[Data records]
--- START ---

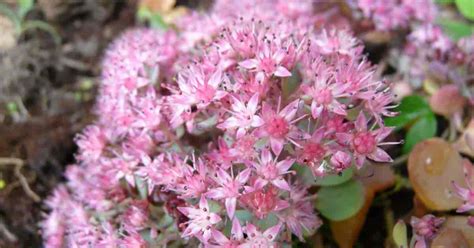 Sedum Sieboldii Care Growing The Pink Sedum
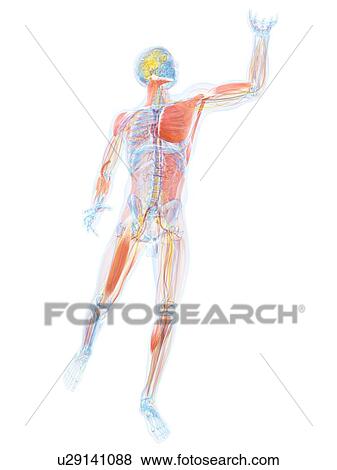 Male musculature, artwork View Large Illustration Stock Illustration - Male musculature, artwork. Fotosearch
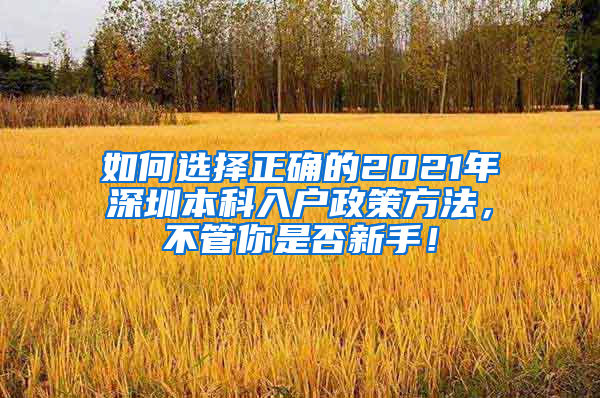 如何选择正确的2021年深圳本科入户政策方法，不管你是否新手！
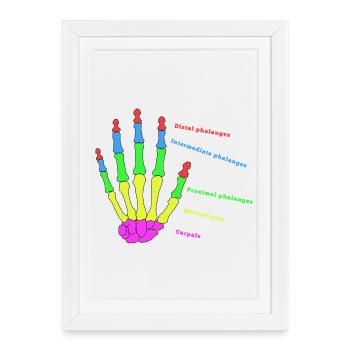 Hand Bone Anatomy Human Evolution Physio - Framed poster (27 × 37 cm) - white - Front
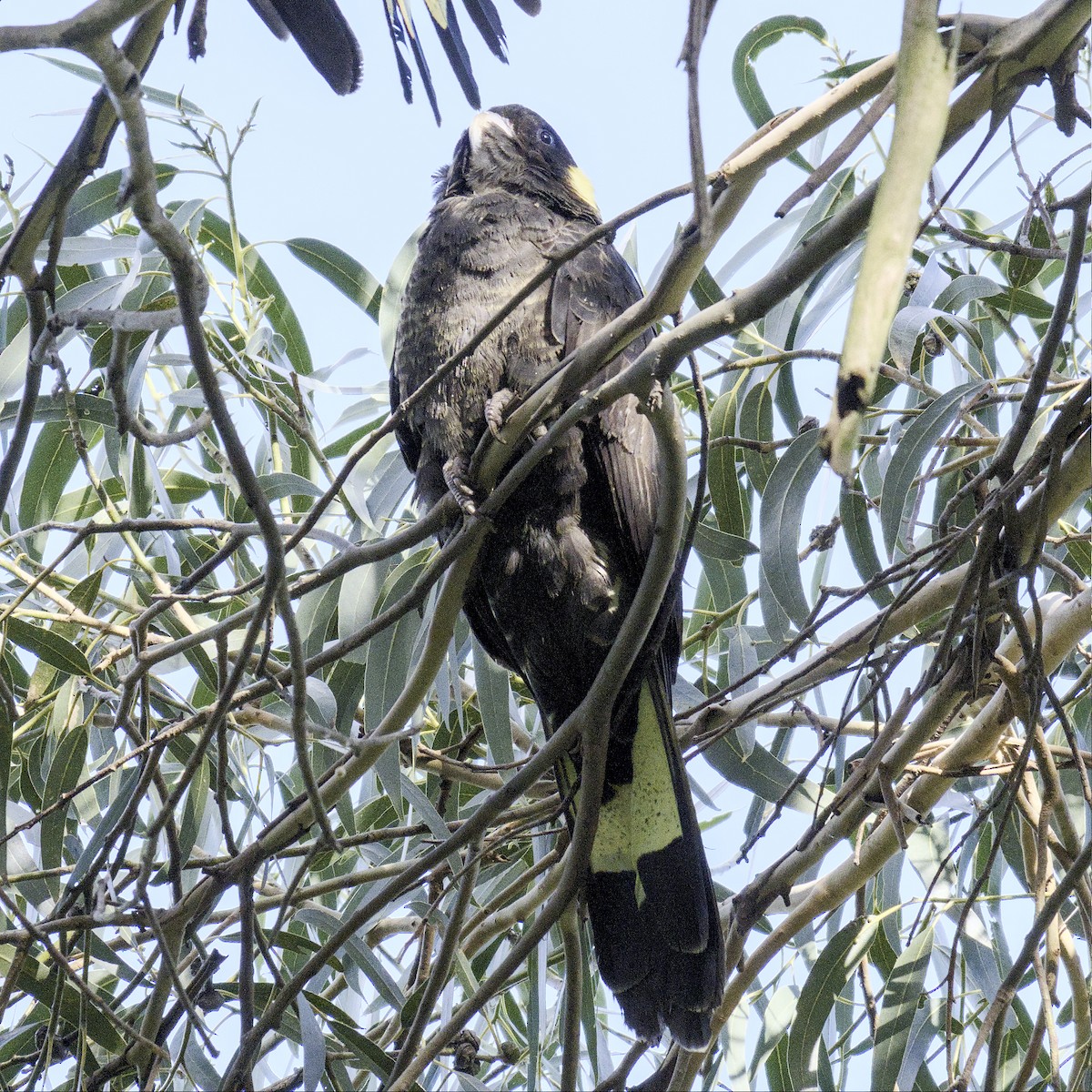 Cacatúa Fúnebre Coliamarilla - ML589363771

--- END ---

▸ **What to do**: Repeat exactly the lines in the entries from the one containing "如何选择正确的2021年深圳本科入户政策方法，不管你是否新手！" to the final line, inclusive, and nothing beyond them; skip pictures.

▸ **Your response**:
 如何选择正确的2021年深圳本科入户政策方法，不管你是否新手！
 Hand Bone Anatomy Human Evolution Physio - Framed poster (27 × 37 cm) - white - Front
 Cacatúa Fúnebre Coliamarilla - ML589363771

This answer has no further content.